▶ EXERCISE
The answer should be an exact repeat of the stretch of material below from the line containing "Vestido - 722922 - EST - Reina Diaz" through the line containing "QUIES AUDICLAR GELUL 60".

▶ TASK MATERIAL
+ + + + +
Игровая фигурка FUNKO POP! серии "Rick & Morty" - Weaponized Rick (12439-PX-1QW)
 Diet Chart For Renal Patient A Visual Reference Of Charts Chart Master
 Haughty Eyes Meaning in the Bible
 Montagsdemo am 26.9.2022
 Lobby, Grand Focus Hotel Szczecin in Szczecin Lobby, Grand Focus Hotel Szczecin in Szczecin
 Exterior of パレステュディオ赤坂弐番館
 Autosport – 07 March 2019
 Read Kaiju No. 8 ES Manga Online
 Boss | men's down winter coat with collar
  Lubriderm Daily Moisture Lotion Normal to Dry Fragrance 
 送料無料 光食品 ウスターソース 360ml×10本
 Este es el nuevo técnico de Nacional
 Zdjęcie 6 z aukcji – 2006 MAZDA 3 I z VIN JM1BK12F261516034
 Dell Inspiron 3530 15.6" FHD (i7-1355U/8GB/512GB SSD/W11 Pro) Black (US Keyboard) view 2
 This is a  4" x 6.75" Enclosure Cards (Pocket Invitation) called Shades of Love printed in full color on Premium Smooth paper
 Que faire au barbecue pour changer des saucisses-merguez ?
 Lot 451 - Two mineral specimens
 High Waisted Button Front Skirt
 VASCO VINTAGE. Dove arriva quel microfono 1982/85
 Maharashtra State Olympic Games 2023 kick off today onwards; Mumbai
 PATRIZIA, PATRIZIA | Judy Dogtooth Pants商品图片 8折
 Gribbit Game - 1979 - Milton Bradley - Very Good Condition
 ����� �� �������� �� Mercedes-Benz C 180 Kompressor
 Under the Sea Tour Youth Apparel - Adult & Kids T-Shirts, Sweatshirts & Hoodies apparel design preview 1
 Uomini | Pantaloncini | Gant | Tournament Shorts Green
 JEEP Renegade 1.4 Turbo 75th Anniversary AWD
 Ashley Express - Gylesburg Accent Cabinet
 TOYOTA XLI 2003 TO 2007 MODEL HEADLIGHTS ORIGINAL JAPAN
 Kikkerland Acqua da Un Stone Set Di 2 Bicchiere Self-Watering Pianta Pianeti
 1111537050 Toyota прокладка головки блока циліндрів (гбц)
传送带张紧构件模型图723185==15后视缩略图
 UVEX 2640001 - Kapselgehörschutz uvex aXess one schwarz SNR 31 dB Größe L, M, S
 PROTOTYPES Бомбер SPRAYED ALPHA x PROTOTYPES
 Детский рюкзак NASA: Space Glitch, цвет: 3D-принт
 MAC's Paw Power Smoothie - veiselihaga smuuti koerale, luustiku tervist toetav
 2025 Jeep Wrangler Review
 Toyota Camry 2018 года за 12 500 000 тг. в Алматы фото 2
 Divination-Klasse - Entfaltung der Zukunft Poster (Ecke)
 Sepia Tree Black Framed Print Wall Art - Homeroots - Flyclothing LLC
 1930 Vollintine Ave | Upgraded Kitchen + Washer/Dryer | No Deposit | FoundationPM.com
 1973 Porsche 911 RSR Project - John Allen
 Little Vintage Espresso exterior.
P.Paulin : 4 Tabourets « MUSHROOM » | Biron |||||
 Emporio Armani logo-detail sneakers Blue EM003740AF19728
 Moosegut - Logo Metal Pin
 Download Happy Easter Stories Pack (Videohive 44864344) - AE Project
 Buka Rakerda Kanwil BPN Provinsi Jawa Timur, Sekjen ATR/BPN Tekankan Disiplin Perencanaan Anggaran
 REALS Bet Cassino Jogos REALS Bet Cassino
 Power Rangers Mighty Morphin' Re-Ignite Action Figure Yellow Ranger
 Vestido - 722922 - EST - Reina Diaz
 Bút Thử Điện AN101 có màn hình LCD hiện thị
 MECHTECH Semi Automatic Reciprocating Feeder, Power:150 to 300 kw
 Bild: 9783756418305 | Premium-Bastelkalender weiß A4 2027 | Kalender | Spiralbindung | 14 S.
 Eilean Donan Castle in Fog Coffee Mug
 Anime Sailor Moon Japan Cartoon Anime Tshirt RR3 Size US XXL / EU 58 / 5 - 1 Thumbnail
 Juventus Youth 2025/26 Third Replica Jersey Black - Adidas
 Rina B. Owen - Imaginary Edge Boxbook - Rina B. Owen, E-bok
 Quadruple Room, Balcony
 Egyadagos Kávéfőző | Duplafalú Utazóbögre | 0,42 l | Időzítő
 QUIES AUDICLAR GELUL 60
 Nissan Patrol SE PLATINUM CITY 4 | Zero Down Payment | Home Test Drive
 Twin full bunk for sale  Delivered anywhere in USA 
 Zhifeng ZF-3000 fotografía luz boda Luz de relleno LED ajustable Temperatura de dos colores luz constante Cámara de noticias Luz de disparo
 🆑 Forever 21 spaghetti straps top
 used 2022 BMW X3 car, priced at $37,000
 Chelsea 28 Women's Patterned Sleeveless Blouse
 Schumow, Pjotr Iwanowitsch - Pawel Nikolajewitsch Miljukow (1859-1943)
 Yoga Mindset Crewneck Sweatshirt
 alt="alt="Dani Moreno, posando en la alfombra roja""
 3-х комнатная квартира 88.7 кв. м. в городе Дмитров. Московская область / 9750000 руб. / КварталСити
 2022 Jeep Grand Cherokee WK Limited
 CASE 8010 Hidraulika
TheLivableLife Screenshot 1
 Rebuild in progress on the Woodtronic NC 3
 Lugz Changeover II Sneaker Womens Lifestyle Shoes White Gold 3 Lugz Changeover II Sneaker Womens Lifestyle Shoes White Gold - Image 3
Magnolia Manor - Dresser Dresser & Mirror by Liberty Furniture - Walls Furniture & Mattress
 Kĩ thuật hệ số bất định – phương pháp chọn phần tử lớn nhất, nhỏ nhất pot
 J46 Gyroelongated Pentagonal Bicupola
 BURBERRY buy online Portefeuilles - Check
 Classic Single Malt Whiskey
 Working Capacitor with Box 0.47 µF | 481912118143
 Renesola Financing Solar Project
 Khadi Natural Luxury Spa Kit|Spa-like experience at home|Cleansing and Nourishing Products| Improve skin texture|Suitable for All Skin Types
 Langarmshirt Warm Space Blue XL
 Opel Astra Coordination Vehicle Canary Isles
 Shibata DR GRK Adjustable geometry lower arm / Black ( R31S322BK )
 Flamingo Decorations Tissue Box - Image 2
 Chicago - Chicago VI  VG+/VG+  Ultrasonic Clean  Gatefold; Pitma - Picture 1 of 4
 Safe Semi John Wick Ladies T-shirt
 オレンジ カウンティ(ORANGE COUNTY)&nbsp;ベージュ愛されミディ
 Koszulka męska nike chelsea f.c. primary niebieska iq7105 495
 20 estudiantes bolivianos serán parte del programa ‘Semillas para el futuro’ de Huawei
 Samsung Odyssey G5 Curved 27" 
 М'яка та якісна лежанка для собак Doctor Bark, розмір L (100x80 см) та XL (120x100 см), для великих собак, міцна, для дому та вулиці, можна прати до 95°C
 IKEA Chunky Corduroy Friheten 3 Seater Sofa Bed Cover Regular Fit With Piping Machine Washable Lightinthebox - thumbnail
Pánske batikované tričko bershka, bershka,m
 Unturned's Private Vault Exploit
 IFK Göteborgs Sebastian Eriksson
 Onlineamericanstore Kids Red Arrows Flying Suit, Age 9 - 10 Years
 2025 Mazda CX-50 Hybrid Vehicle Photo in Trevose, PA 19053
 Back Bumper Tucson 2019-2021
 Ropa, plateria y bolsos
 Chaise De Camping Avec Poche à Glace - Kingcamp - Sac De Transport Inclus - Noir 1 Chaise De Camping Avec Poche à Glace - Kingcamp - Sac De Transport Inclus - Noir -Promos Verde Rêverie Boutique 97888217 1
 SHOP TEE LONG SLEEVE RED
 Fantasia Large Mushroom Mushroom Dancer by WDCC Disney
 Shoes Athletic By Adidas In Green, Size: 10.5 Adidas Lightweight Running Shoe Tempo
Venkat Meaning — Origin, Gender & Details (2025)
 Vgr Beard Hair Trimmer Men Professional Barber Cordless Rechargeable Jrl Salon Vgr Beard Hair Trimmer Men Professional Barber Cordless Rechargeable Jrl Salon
+ + + + +
▶ WRITTEN ANSWER
 Vestido - 722922 - EST - Reina Diaz
 Bút Thử Điện AN101 có màn hình LCD hiện thị
 MECHTECH Semi Automatic Reciprocating Feeder, Power:150 to 300 kw
 Bild: 9783756418305 | Premium-Bastelkalender weiß A4 2027 | Kalender | Spiralbindung | 14 S.
 Eilean Donan Castle in Fog Coffee Mug
 Anime Sailor Moon Japan Cartoon Anime Tshirt RR3 Size US XXL / EU 58 / 5 - 1 Thumbnail
 Juventus Youth 2025/26 Third Replica Jersey Black - Adidas
 Rina B. Owen - Imaginary Edge Boxbook - Rina B. Owen, E-bok
 Quadruple Room, Balcony
 Egyadagos Kávéfőző | Duplafalú Utazóbögre | 0,42 l | Időzítő
 QUIES AUDICLAR GELUL 60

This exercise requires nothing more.